The growth is fuelled by increased demand for batteries in electric vehicles (EV) and stationary storage uses.
In its Global EV Outlook 2020, the International Energy Agency noted that in the Stated Policies Scenario, which incorporates existing government policies, the global EV battery capacity will increase from about 170 gigawatt hours (GWh) per year to 1.5 terawatt hours (TWh) per year in 2030.
This increases to 3TWh under the Sustainable Development Scenario that is fully compatible with the Paris Agreement, which seeks to keep the increase in global average temperature to well below 2 degrees Celsius.
Stationary uses are also forecast to grow with IDTechEx estimating a 38 per cent compound annual growth rate between 2021 and 2031 to a cumulative installed energy capacity of more than 1TWh.
This is due to the need to adopt energy storage systems to ensure that consumers have constant electricity available as renewable energy forms a larger part of the energy mix.
No discussion about battery storage can avoid going into the different types of batteries that are currently in use and under development.
Lithium cobalt oxide (LCO) batteries – also the original lithium-ion chemistry – have a cobalt oxide cathode and a graphite carbon anode, giving it a high specific energy that makes it popular for mobile phones, laptops and digital cameras.
However, this chemistry has a relatively short life span (hence why your phone battery always seems to lose capacity so quickly), low thermal stability and limited load capability or specific power.
Meanwhile, lithium manganese oxide (LMO) offers high thermal stability, enhanced safety, fast charging and discharge though both cycle and calendar life are limited.
While its capacity is about a third less than lithium cobalt oxide, it often blended with lithium nickel manganese cobalt oxide (NMC) to improve specific energy and prolong the lifespan.
This combination is often used for electric vehicles with the former providing the initial boost used during acceleration while the latter is responsible for long driving range.

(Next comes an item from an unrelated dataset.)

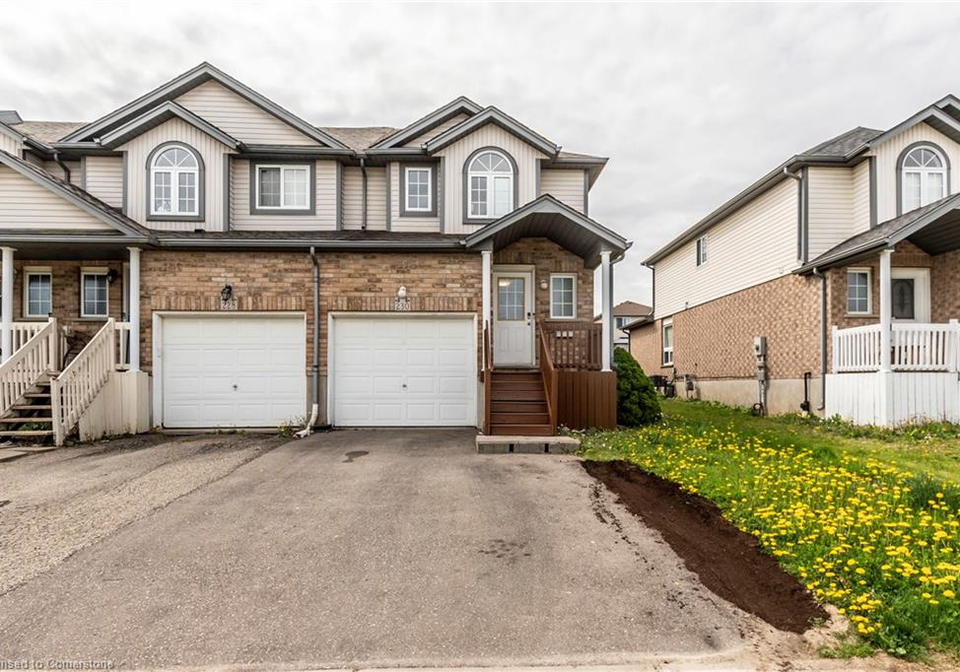 230-activa-avenue-kitchener-ontario-40733448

NMC itself is favoured for power tools, e-bikes and other electric powertrains though its exact properties can vary depending on the mix of nickel and manganese used.
Its popularity in battery storage use is increasing thanks to its balance of lower cost and good performance.
Lithium iron phosphate (LFP) offers high current rating, long cycle life, good thermal stability and enhanced safety.
However, it has lower specific energy compared to LCO along with higher self discharge compared to other lithium batteries.
Other lithium-based chemistries include lithium nickel cobalt aluminium oxide and lithium titanate along with solid state lithium-ion and lithium sulphur.
Lithium-based batteries are not the only game in town.
Vanadium redox flow batteries (VRFB) have been available for some time now and are generally considered to be safer, more scalable and longer lasting than their lithium counterparts.
However, the need for electrolyte storage tanks means they are bulky and have a poor energy-to-volume ratio, making them suitable only for stationary applications.
VRFBs have already seen use in large-scale, grid battery storage systems.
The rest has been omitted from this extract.